A private good is defined in economics as "an item that yields positive benefits to people" that is excludable, i.e. its owners can exercise private property rights, preventing those who have not paid for it from using the good or consuming its benefits; and rivalrous, i.e. consumption by one necessarily prevents that of another. A private good, as an economic resource is scarce, which can cause competition for it. The market demand curve for a private good is a horizontal summation of individual demand curves.

Unlike public goods, such as clean air or national defense, private goods are less likely to have the free rider problem, in which a person benefits from a public good without contributing towards it. Assuming a private good is valued positively by everyone, the efficiency of obtaining the good is obstructed by its rivalry; that is simultaneous consumption of a rivalrous good is theoretically impossible. The feasibility of obtaining the good is made difficult by its excludability, which means that people have to pay for it to enjoy its benefits.

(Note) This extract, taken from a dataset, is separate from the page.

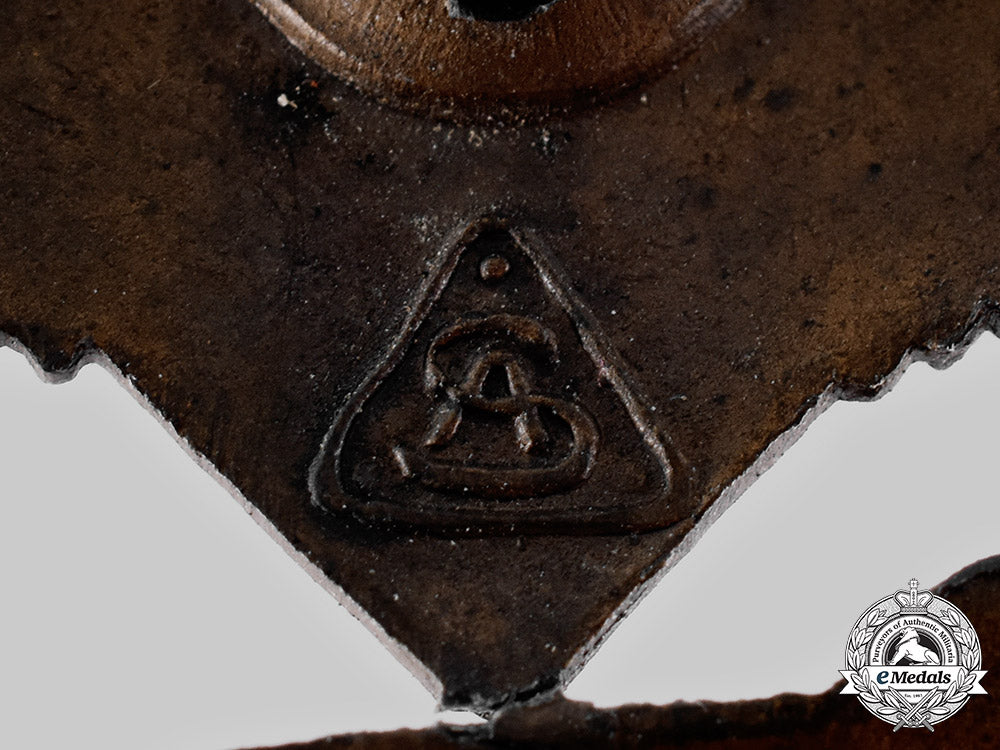 germany,_wehrmacht._a_panzer_assault_badge,_bronze_grade,_by_adolf_schwerdt_ci19_7336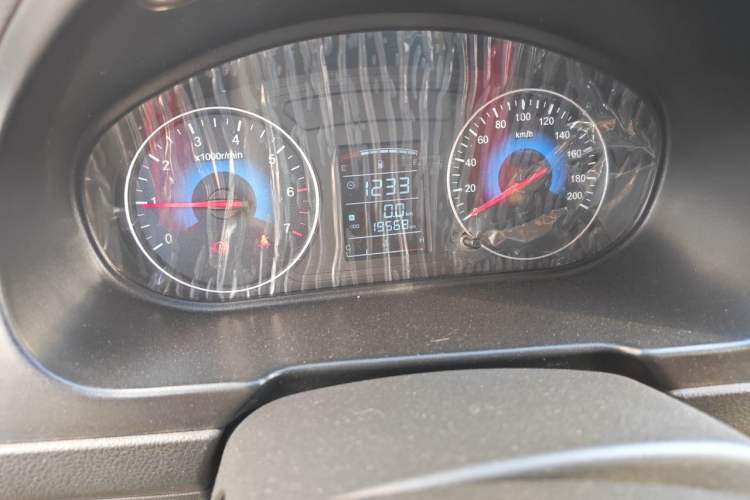 Used Dongfeng Fengon 330 2014 1.2L Manual Practical Version DK12-07 Odometer Close Up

One of the most common ways of looking at goods in the economy is by examining the level of competition in obtaining a given good, and the possibility of excluding its consumption; one cannot, for example, prevent another from enjoying a beautiful view in a public park, or clean air.

== Example of a private good ==
An example of the private good is bread: bread eaten by a given person cannot be consumed by another (rivalry), and it is easy for a baker to refuse to trade a loaf (exclusive).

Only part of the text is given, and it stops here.